Maior do que Ribeirão Preto

Luís Paulo Domingues
| Tempo de leitura: 3 min

Durante a construção da ponte Rio-Niterói, os boatos davam conta de que o dinheiro desviado pelos agentes do governo poderia erguer um viaduto entre o Rio de Janeiro e os Andes. Naquela época, porém, não tínhamos Facebook, não tínhamos imprensa livre e nem mesmo juízes e promotores com poder para averiguar tais suspeitas.

Hoje as coisas são diferentes (mas só um pouquinho). Há mecanismos para que, mesmo o cidadão comum, possa conferir o destino do dinheiro público aplicado nisto ou naquilo. O Ministério Público é muito mais atuante e vigilante, mas há também uma farta gama de estratégias desenvolvidas pelos interessados em burlar as regras, bem como para garantir que as segundas intenções permaneçam escondidas. Esta semana, por exemplo, o presidente Michel Temer criou dois novos ministérios, um deles com o único propósito de conferir foro privilegiado a um de seus apaniguados, conhecido como Angorá pelos funcionários do propinoduto da Odebrecht.

Em Bauru, também nesta semana, foi anunciada a proposta de revisão das Áreas de Proteção Ambiental (APAs), para que a iniciativa privada possa ocupar essas áreas com seus empreendimentos. Para que isso aconteça será preciso alterar o Plano Diretor da cidade, um instrumento largamente debatido ao longo dos anos entre vários setores da nossa sociedade. A proposta deve ser, desde já, digerida com um pouco de desconfiança.

Bem, concordemos que o povo poderia dar um crédito para isso, imaginando que se trata de uma ação benéfica para a cidade. Mas aí a gente lembra que estamos no Brasil, lembra da nomeação do Angorá, e fica difícil de acreditar. Há pouco tempo, um vereador bauruense declarou que "se não houver a revisão da APA's, Bauru nunca vai crescer mais do que Ribeirão Preto". A pergunta que não quer calar é: por que raios nossa cidade tem que ser maior do que Ribeirão Preto? O que ganharíamos com isso? Mais periferias sem assistência do Estado? Mais violência? Mais problemas?
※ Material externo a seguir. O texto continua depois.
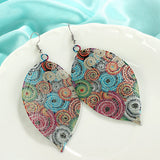 Ethnic Hollow Colorful Leaf Pendant Drop Women Statement Hook Earrings Jewelry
Em matéria de meio ambiente, estamos vivendo um tempo de "turning point" no mundo todo. Temos à disposição um farto material científico, produzido pela nata da ciência mundial, que sentencia reiteradamente o desastre ambiental e econômico que está por vir. Se a humanidade não começar a agir conscientemente quanto ao uso dos recursos naturais que o planeta dispõe, o futuro será tétrico. Mais tétrico do que podemos esperar.

Como garantir a seriedade de uma medida irreversível com essa das APAs? Nós temos uma baixíssima qualidade em termos de Estado, uma incompetência patente dos agentes públicos para gerir seja lá o que for, um desleixo notório das empresas privadas que são contratadas para realizar obras, um descompromisso óbvio em fiscalizar leis ambientais. Fica difícil acreditar que o sonho de alguns de ser maior do que Ribeirão Preto não vá se tornar um pesadelo bem cedo.

É claro que há interesses econômicos envolvidos nisso. Em princípio, não há nada de mais em tais interesses provocarem as revisões das APA's, contanto que eles não destruam a cidade e o seu entorno. Mas o que será realmente feito em Bauru com essa mudança? Alguém sabe? Mesmo? Se a população não se manifestar agora, não haverá por que chorar depois. Sobrará para o bauruense apenas as eternas ladainhas da Tribuna do Leitor, quando a chuva vem e destrói tudo. "De quem é a culpa? Até quando vamos conviver com isso?" A resposta é: para sempre. Se o entorno da cidade foi todo cimentado, concretado e ladrilhado, é evidente que a água vai escorrer para baixo e levar tudo.